(Data excerpts)

------------------------------------------------

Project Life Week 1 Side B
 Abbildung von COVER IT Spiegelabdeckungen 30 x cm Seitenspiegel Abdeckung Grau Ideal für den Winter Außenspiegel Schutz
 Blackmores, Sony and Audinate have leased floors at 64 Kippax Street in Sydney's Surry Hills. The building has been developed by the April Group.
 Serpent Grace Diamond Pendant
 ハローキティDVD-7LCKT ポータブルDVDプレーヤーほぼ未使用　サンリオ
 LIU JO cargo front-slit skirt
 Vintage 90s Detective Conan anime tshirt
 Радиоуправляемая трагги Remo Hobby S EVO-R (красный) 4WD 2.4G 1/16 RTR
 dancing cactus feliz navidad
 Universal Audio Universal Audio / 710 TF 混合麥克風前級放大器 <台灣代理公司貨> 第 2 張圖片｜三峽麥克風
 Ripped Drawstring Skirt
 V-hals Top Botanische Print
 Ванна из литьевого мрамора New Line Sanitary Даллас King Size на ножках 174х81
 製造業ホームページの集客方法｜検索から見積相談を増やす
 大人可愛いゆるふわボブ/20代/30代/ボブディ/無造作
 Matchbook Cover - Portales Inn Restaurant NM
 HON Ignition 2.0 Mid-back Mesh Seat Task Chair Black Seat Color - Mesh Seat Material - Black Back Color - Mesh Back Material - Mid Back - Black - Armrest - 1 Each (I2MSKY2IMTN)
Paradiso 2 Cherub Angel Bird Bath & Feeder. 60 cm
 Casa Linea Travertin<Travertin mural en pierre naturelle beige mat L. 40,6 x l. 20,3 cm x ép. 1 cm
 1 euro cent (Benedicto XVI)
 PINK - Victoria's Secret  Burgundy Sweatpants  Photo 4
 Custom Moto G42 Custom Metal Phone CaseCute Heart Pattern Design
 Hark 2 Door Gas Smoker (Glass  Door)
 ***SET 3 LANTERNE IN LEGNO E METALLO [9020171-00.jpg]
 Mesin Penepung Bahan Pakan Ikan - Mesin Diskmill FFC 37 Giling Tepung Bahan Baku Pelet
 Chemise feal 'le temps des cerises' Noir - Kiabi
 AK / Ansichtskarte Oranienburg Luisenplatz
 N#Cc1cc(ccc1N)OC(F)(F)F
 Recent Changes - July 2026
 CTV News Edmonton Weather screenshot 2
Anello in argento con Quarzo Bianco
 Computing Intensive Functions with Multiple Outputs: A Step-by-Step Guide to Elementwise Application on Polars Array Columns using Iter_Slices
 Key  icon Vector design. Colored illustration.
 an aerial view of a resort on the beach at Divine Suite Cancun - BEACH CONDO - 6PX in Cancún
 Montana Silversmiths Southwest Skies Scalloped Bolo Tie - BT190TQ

------------------------------------------------

Assignment — The records must be reproduced in full. Nothing should differ.

Task result —
Project Life Week 1 Side B
 Abbildung von COVER IT Spiegelabdeckungen 30 x cm Seitenspiegel Abdeckung Grau Ideal für den Winter Außenspiegel Schutz
 Blackmores, Sony and Audinate have leased floors at 64 Kippax Street in Sydney's Surry Hills. The building has been developed by the April Group.
 Serpent Grace Diamond Pendant
 ハローキティDVD-7LCKT ポータブルDVDプレーヤーほぼ未使用　サンリオ
 LIU JO cargo front-slit skirt
 Vintage 90s Detective Conan anime tshirt
 Радиоуправляемая трагги Remo Hobby S EVO-R (красный) 4WD 2.4G 1/16 RTR
 dancing cactus feliz navidad
 Universal Audio Universal Audio / 710 TF 混合麥克風前級放大器 <台灣代理公司貨> 第 2 張圖片｜三峽麥克風
 Ripped Drawstring Skirt
 V-hals Top Botanische Print
 Ванна из литьевого мрамора New Line Sanitary Даллас King Size на ножках 174х81
 製造業ホームページの集客方法｜検索から見積相談を増やす
 大人可愛いゆるふわボブ/20代/30代/ボブディ/無造作
 Matchbook Cover - Portales Inn Restaurant NM
 HON Ignition 2.0 Mid-back Mesh Seat Task Chair Black Seat Color - Mesh Seat Material - Black Back Color - Mesh Back Material - Mid Back - Black - Armrest - 1 Each (I2MSKY2IMTN)
Paradiso 2 Cherub Angel Bird Bath & Feeder. 60 cm
 Casa Linea Travertin<Travertin mural en pierre naturelle beige mat L. 40,6 x l. 20,3 cm x ép. 1 cm
 1 euro cent (Benedicto XVI)
 PINK - Victoria's Secret  Burgundy Sweatpants  Photo 4
 Custom Moto G42 Custom Metal Phone CaseCute Heart Pattern Design
 Hark 2 Door Gas Smoker (Glass  Door)
 ***SET 3 LANTERNE IN LEGNO E METALLO [9020171-00.jpg]
 Mesin Penepung Bahan Pakan Ikan - Mesin Diskmill FFC 37 Giling Tepung Bahan Baku Pelet
 Chemise feal 'le temps des cerises' Noir - Kiabi
 AK / Ansichtskarte Oranienburg Luisenplatz
 N#Cc1cc(ccc1N)OC(F)(F)F
 Recent Changes - July 2026
 CTV News Edmonton Weather screenshot 2
Anello in argento con Quarzo Bianco
 Computing Intensive Functions with Multiple Outputs: A Step-by-Step Guide to Elementwise Application on Polars Array Columns using Iter_Slices
 Key  icon Vector design. Colored illustration.
 an aerial view of a resort on the beach at Divine Suite Cancun - BEACH CONDO - 6PX in Cancún
 Montana Silversmiths Southwest Skies Scalloped Bolo Tie - BT190TQ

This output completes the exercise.